Harus diingat bahwa kita hidup dimasa yang lebih maju akibat kecepatan teknologi informasi dan komunikasi. Bagi kita sekarang informasi dapat diperoleh dengan mudah dan cepat. Namun ironisnya: bahwa di satu sisi informasi sedemikian mudahnya untuk diperoleh, namun disisi lain kita tidak mampu mencapai apa yang telah dihasilkan oleh para pendahulu kita (para ilmuwan Muslim) yang hidup di zaman agraris. Kita hidup di zaman teknologi informasi, atau periode gelombang ketiga (the third wave) kata Alvin Toffler, namun hasilnya tidak sebanding dengan yang seharusnya dicapai.

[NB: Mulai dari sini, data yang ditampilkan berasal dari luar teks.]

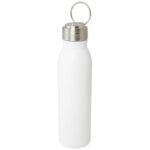 Harper 720 ml RCS certified stainless steel water bottle with metal loop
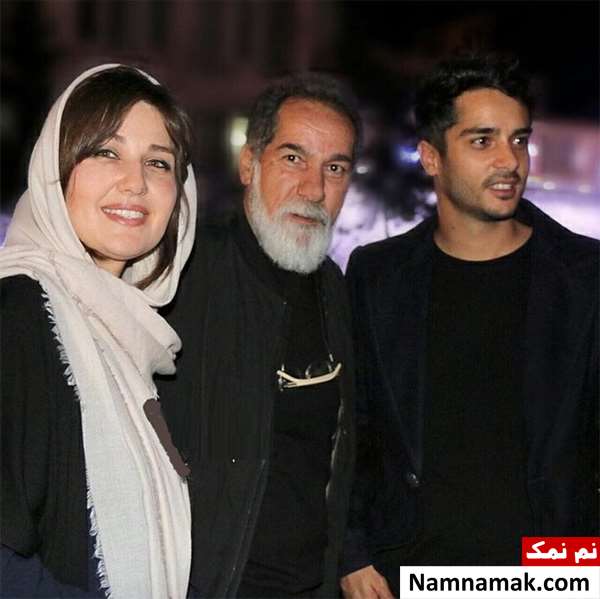 عکس پدر و مادر گلوریا هاردی عکس پدر و مادر گلوریا هاردی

Dengan kelimpahan teknologi informasi sekarang ini, proses berpikir kita malah semakin dangkal. Kita hanya sekedar tahu, dan miskin dalam menciptakan sesuatu (kurang kreatif). Sementara para jenius mampu mencipta dari apa yang mereka tahu. Ini menunjukkan bahwa yang terpenting bukan hanya sekedar “berapa banyak kita tahu”, tetapi sebanyak apa kita “memproses pengetahuan itu menjadi sesuatu yang baru”.